* **DATA EXTRACT**:
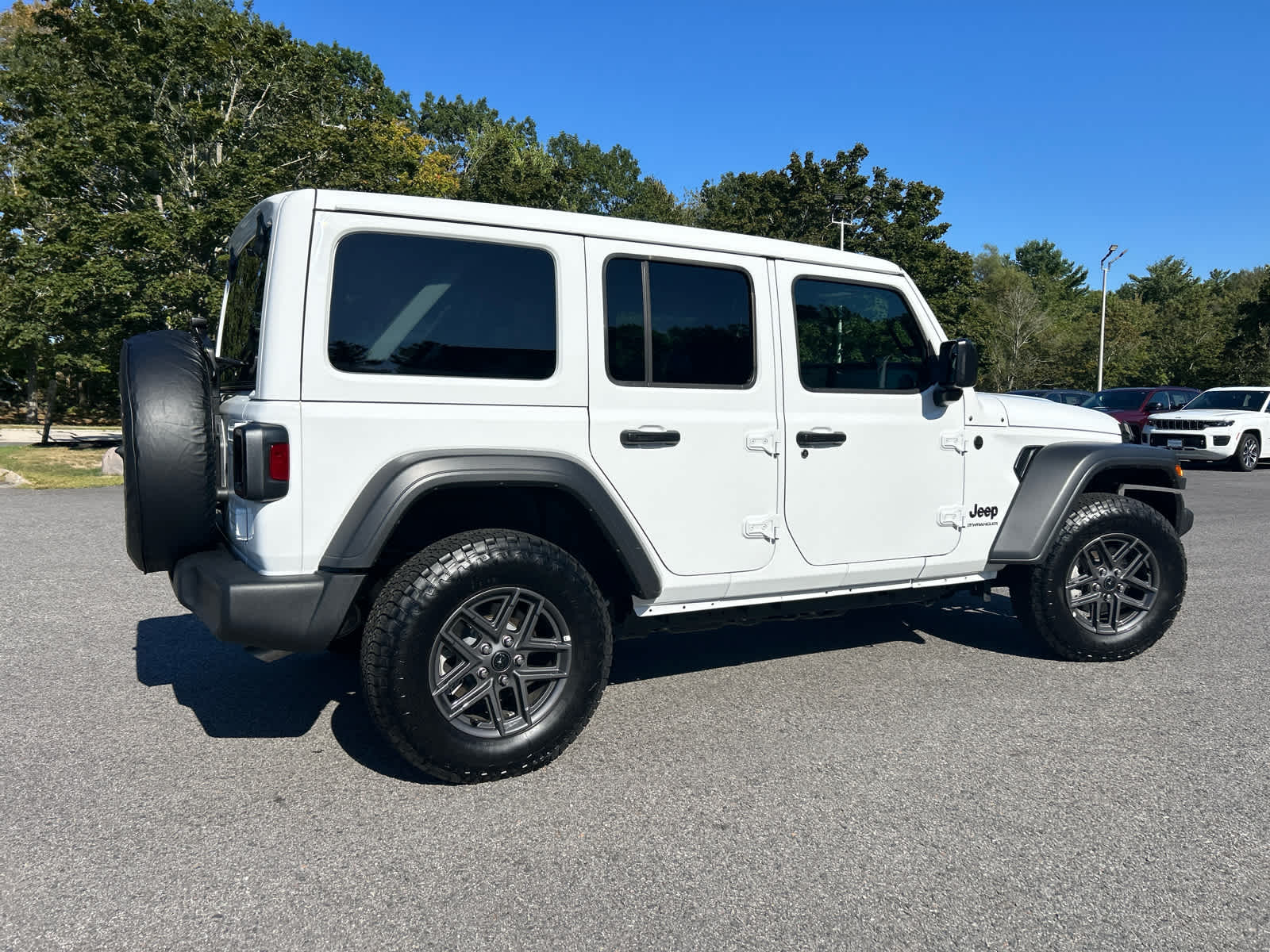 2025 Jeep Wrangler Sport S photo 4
...
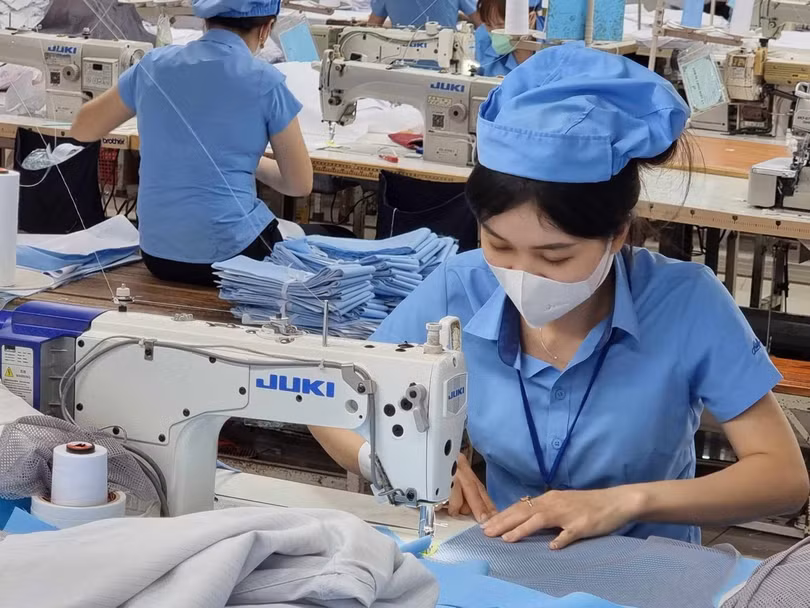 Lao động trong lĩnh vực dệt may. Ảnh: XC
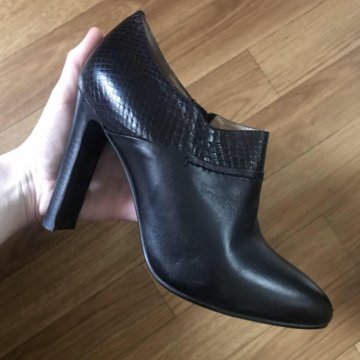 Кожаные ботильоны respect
==
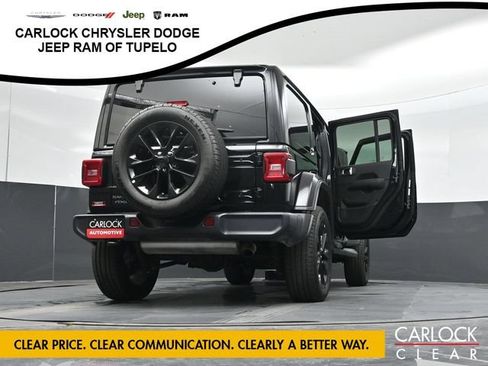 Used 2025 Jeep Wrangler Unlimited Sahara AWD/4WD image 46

* **EXERCISE GOAL**:
Leaving pictures out, output the lines of the data above from the one with "Lao động trong lĩnh vực dệt may. Ảnh: XC" through the one with "Кожаные ботильоны respect", word for word.

* **RESULT OF THE EXERCISE**:
 Lao động trong lĩnh vực dệt may. Ảnh: XC
 Кожаные ботильоны respect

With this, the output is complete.